Matz provided CU Times with an advance copy of her GAC speech.

Matz said the effective dates for the rules would coincide with the implementation of the risk-based capital rule in 2019.

“But not everyone should have to wait until 2019 to benefit from regulatory changes on supplemental capital. That’s why I’ve assembled an internal working group to focus on low-income credit unions that can already raise and count secondary capital,” Matz said.

To implement these changes, Matz said the NCUA would need to provide consumer protections and change the order of share insurance fund payouts to recognize supplemental capital accounts are not insured. According to Matz, the agency would also have to “set prudent standards for credit unions to offer subordinated debt to supplement their risk-based capital.”

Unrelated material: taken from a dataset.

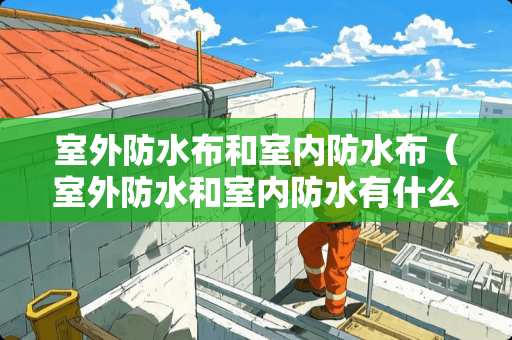 室外防水布和室内防水布（室外防水和室内防水有什么区别）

Matz also said the NCUA is not waiting for Congress to act on field of membership changes.

“It’s our intent that down the road, you won’t be required to get approval from NCUA each and every time a legitimate association comes to your door,” Matz wrote.

“Additionally, I’ve created a working group to recommend options for more inclusive fields of membership. This working group will identify obstacles facing credit unions looking to expand,” she added.

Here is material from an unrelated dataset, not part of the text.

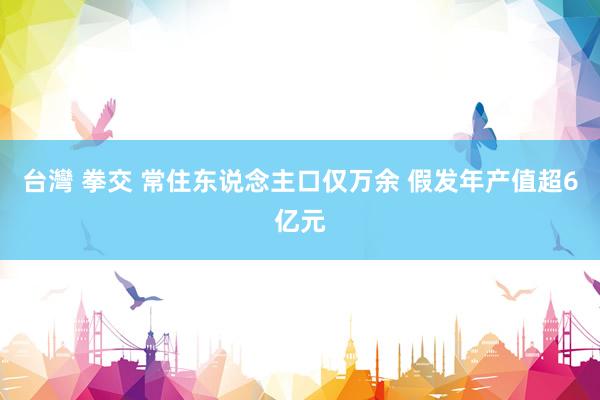 台灣 拳交 常住东说念主口仅万余 假发年产值超6亿元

According to Matz, the working group will recommend rule changes to provide more flexibility for federal credit unions. She said the agency’s goal is to make it easier for federal credit unions to expand their membership base under the Credit Union Membership Access Act.

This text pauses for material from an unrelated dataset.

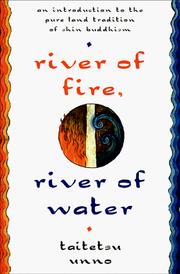 Cover of River of fire, river of water by Taitetsu Unno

“We’re going to move forward with sensible rule changes within NCUA’s legal authority,” she wrote.

Matz also said the NCUA plans to eliminate the member business lending waiver process.

“Requiring a personal guarantee on every business loan can be frustrating and can lose business,” Matz said.

Although credit unions can apply to their NCUA regional office for waivers from personal guarantees, Matz said the NCUA understands the current waiver process occasionally prevents credit unions from making timely and prudent business loans.

“Determining whether to exempt a borrower from a personal guarantee is something that credit union loan officers should be empowered to do, based on prudent underwriting criteria,” she said. “So, we are going to move away from defining highly prescriptive, one-size-fits-all business loan underwriting requirements.”

Matz announced that the NCUA is currently fine-tuning its proposed rule on asset securitization, which the agency hopes to finalize later this year. 

“We intend to allow qualified credit unions to securitize their own assets,” she wrote. “Securitization has the potential to allow large-scale credit unions to tap new sources of liquidity and reduce interest rate risk by converting fixed-rate assets into cash.”